Respondent’s determination must be upheld unless we find it to be “arbitrary and capricious, affected by an error of law or an abuse of discretion” (Matter of Brown v New York State Dept. of Health, 235 AD2d 957, 957-958, lv denied 89 NY2d 814; see, Matter of Kaphan v DeBuono, 268 AD2d 909, 911; Matter of Chua v Chassin, 215 AD2d 953, 954-955, lv denied 86 NY2d 708). By this standard, it is not this Court’s role to “decide credibility issues or weigh the testimony of expert witnesses” (Matter of Brown v New York State Dept. of Health, supra at 958) but, rather, to determine “whether the administrative determination has a rational basis supported by fact” (id. at 958). Upon our review of the record, we find support for the Committee’s determination as sustained by respondent.

Petitioner first alleges that the Committee’s and respondent’s conclusions aré flawed because they are based on the mistaken premise that petitioner referred 20 patients to surgery out of a total of 30 to 40 patients screened whereas petitioner, in contrast, asserts that he screened over 100 residents of the residential facility. In its decision, the Committee justifiably relied only on those visits to the facility which petitioner documented in his office records, during which he reported having screened approximately 40 patients (see generally, Matter of Suslovich v *755New York State Educ. Dept., 174 AD2d 802, 803-804). In any event, there is no indication that the percentage of patients that petitioner referred for surgery after screening was a determinative factor in either the decision of the Committee or respondent. Indeed, the specifications of misconduct are supported by record evidence of the nature and quality of the care and treatment which petitioner provided to the individuals who he referred for surgery. Accordingly, even if accurate, petitioner’s argument that the Committee’s finding on the number of patients screened is unsupported and is not helpful to his position in this proceeding.

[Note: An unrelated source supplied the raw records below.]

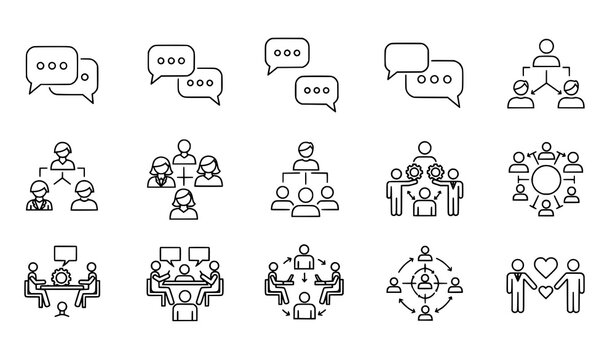 Human interaction line icon set with communication and social symbols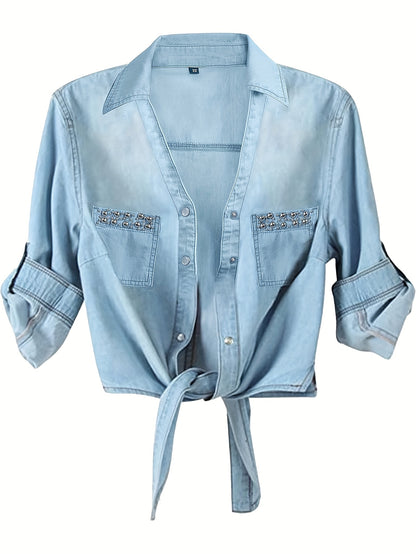 [Denim Crop Top] Chambray Denim Women's Crop Top | Roll Up 3/4 Sleeve Tie Front Knot Shirt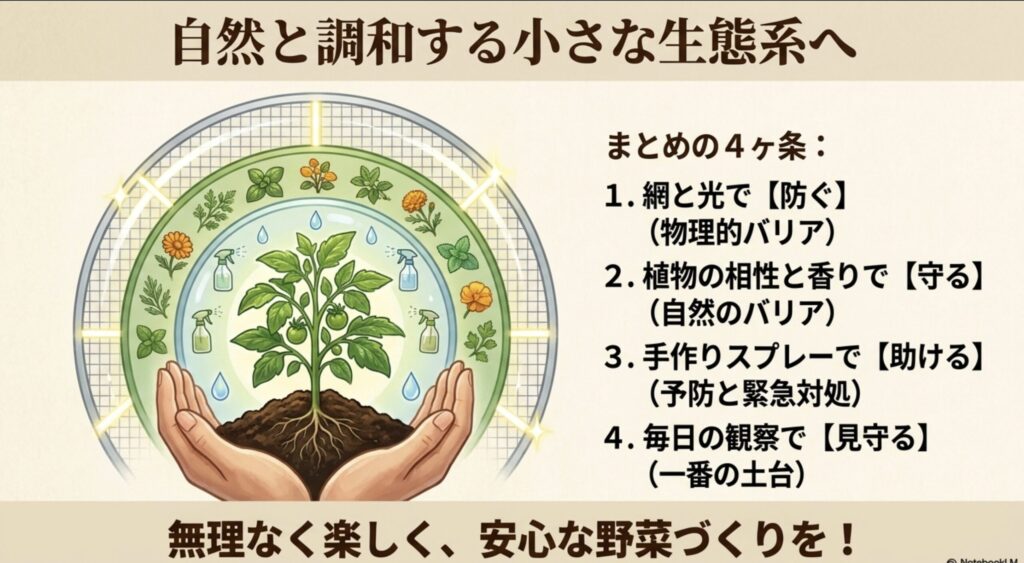 網と光で防ぐ、相性と香りで守るなど、自然と調和する小さな生態系へ向けたまとめの4ヶ条のイラスト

Next, petitioner challenges the finding that he committed misconduct in failing to obtain the informed consent of the patients prior to the surgeries performed—either transurethral resections of the prostate (hereinafter TURP) or transurethral incisions of the prostate (hereinafter TUIP). Specifically, petitioner argues that because he was merely referring the patients rather than performing the surgical procedures, it was not his obligation to explain the risks, benefits or alternatives to the procedure and, in any event, the record does not support the finding that he failed to obtain the informed consent of the patients he treated. While authority exists supporting petitioner’s argument that a physician who merely refers a patient to another physician will not be held liable for the treating physician’s failure to obtain informed consent (see, Shkolnik v Hospital for Joint Diseases Orthopaedic Inst., 211 AD2d 347, 351, lv denied 87 NY2d 895; Spinosa v Weinstein, 168 AD2d 32, 39), here the Committee found that petitioner agreed to obtain the patients’ informed consent. This finding is supported by testimony of the physician to whom petitioner referred the patients for surgery—which the Committee was entitled to credit (see, Matter of Brown v New York State Dept. of Health, supra at 958)—that petitioner agreed to obtain the informed consent of these patients, as well as the fact that petitioner had the patients execute written consent forms prior to being admitted to the hospital, on which petitioner was identified as the physician who explained the procedure to the patient. Under these circumstances, we conclude that petitioner had a responsibility to obtain the informed consent of these patients (see generally, Parvi v City of Kingston, 41 NY2d 553, 559; Weaver v Trackey, 272 AD2d 705, 707).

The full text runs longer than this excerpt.